Office-based surgical procedures have been on the increase in recent years. Many new techniques are introduced to physicians in the surgery center or operating room setting but are later driven to the office setting based on many factors. One of the most significant incentives to do procedures in-office is the simple fact that the physician can continue to see patients while he or she performs these surgeries during their normal workflow. This correlates to more office revenue and less downtime in the OR for the physician waiting on surgical suite availability.

In most markets across the country, the financial challenges faced by hospital systems have forced the closings and consolidation of many facilities resulting in fewer available operating rooms and surgery centers in many communities. As a result, it has become harder for physicians performing nonemergency procedures to schedule OR time.

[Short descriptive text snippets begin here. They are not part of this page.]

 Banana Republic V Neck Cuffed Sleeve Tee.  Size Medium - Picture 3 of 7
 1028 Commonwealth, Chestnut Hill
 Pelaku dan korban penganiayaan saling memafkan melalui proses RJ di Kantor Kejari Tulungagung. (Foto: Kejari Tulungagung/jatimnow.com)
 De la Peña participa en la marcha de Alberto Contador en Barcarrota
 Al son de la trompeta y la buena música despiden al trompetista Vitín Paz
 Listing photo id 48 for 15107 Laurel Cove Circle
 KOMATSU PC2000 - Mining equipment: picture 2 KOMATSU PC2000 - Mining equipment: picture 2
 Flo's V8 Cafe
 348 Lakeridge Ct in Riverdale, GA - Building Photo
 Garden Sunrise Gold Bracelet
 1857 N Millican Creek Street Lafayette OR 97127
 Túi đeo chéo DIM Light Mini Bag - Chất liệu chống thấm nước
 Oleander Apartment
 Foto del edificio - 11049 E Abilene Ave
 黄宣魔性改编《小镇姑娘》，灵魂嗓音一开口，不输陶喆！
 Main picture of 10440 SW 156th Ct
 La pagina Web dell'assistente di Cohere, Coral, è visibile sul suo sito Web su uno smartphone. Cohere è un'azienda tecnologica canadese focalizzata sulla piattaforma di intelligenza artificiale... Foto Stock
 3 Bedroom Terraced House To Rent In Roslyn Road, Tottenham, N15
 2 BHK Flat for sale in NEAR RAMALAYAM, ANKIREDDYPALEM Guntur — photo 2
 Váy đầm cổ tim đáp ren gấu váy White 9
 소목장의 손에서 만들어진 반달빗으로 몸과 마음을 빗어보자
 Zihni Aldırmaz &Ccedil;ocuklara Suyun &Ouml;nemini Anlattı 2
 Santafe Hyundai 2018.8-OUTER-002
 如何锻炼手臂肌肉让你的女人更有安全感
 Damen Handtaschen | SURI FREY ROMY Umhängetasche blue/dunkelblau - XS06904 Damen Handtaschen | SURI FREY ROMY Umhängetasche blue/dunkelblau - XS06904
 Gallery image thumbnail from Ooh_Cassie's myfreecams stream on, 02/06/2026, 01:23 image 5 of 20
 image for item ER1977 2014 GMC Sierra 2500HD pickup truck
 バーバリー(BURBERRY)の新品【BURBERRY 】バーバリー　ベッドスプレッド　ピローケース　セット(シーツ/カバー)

Today’s sedation techniques have made the in-office surgery more viable, although some physicians still prefer to set aside one day per month designated as a “Surgery Day” where they have an Anesthesiologist on-site to administer sedation as needed. The vast majority of procedures are completed with just oral medications and an appropriate local anesthetic. Today’s anesthetics are faster acting and wear off just minutes after surgery and are much less likely to trigger any nausea or disorientation. Combine this with a favorable reimbursement picture where both patient and physician can benefit from OBP and its easy to see why the office continues to be a viable venue for minimally invasive modalities.

Some compelling benefits to any patient considering an in-office procedure.

1) Cost Saving– The additional costs tacked on to hospital surgery (OR fee, Anesthesiology fee, Medication fees) can add up quickly, up to 70% higher than OBP.

2) Time Savings– Hospital surgery schedule can be a problem, surgical delays are a fact of life. OBP the physician is in control, limited down time, limited delays.

3) Less exposure to germs– One in 25 patients end up with hospital-acquired infections each year. In-office procedures avoid exposure to unnecessary risk.